Exercise description:
Only the lines from the one containing "Vectors Blocks Label" through the end of the listing belong in the answer, repeated exactly, with no pictures.

Exercise data:
····················
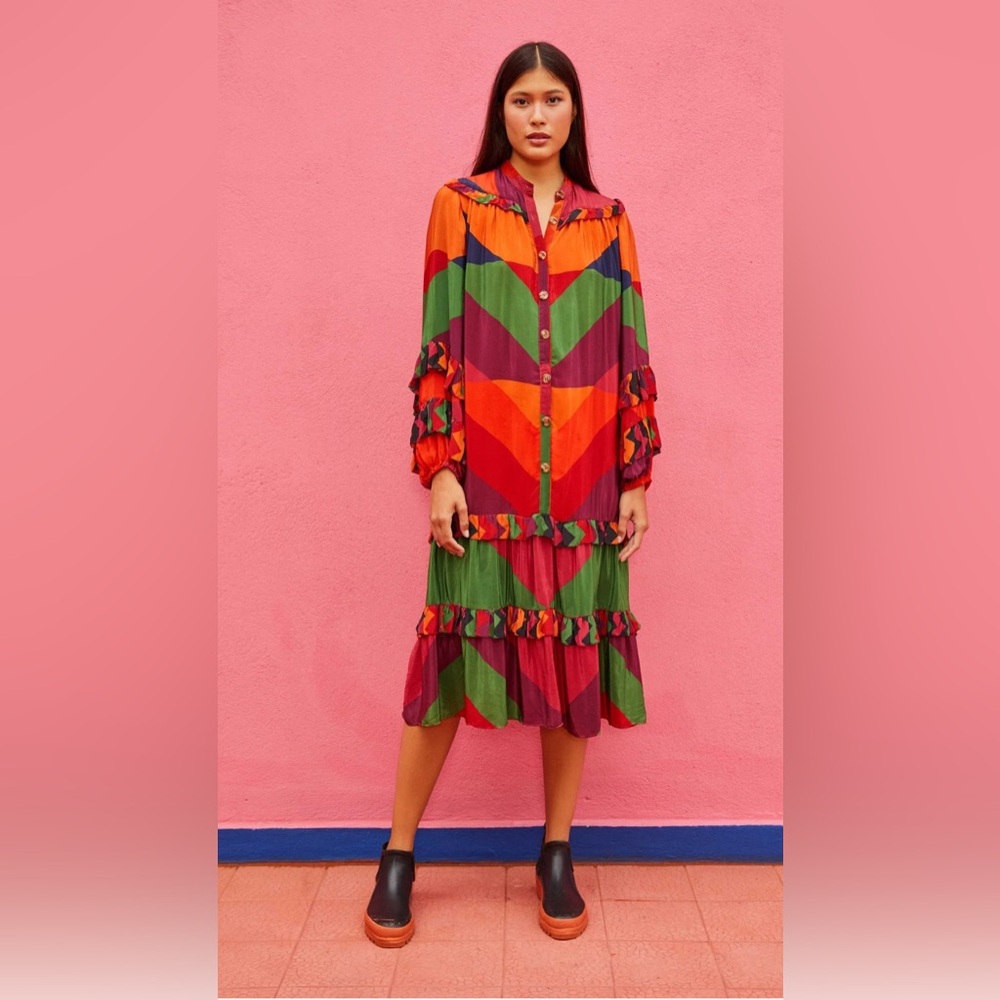 Farm Rio Juliana’s Stripes Midi Dress Medium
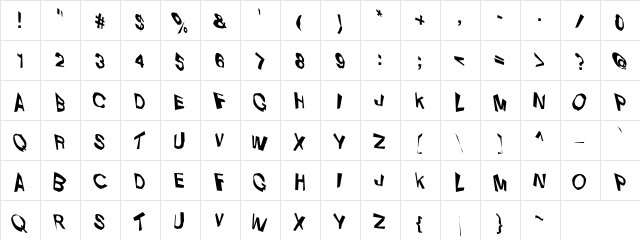 VTC Dizplaced Regular  glyph index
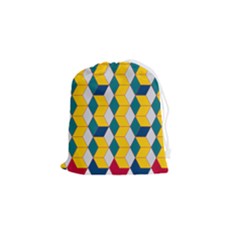 Vectors Blocks Label Illusion Drawstring Pouch (small) by Wegoenart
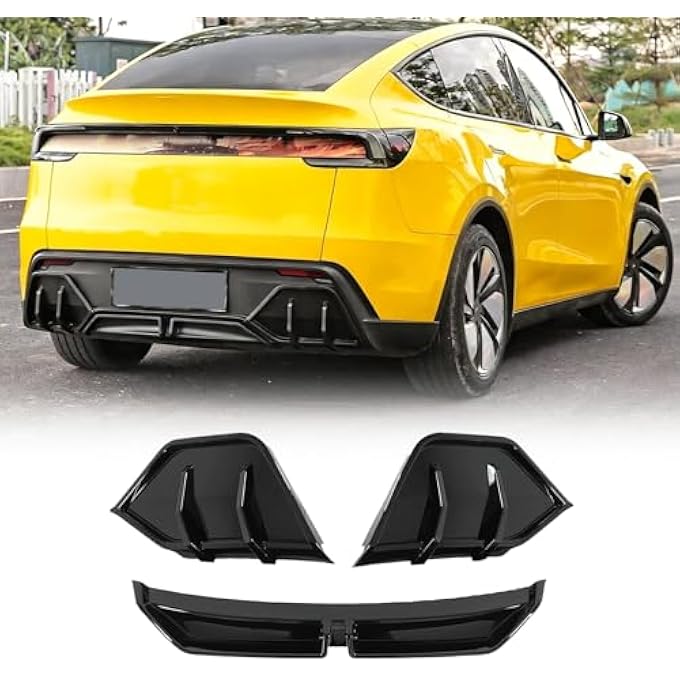 SKKYORO Rear Bumper Diffuser Lip 3pcs for Tesla Model Y Juniper 2025 2026 ABS Rear Bumper Molding Protector Lip (Glossy Black,3 PCS Rear Diffuser) - Image 1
····················
Solution to the exercise:
 Vectors Blocks Label Illusion Drawstring Pouch (small) by Wegoenart
 SKKYORO Rear Bumper Diffuser Lip 3pcs for Tesla Model Y Juniper 2025 2026 ABS Rear Bumper Molding Protector Lip (Glossy Black,3 PCS Rear Diffuser) - Image 1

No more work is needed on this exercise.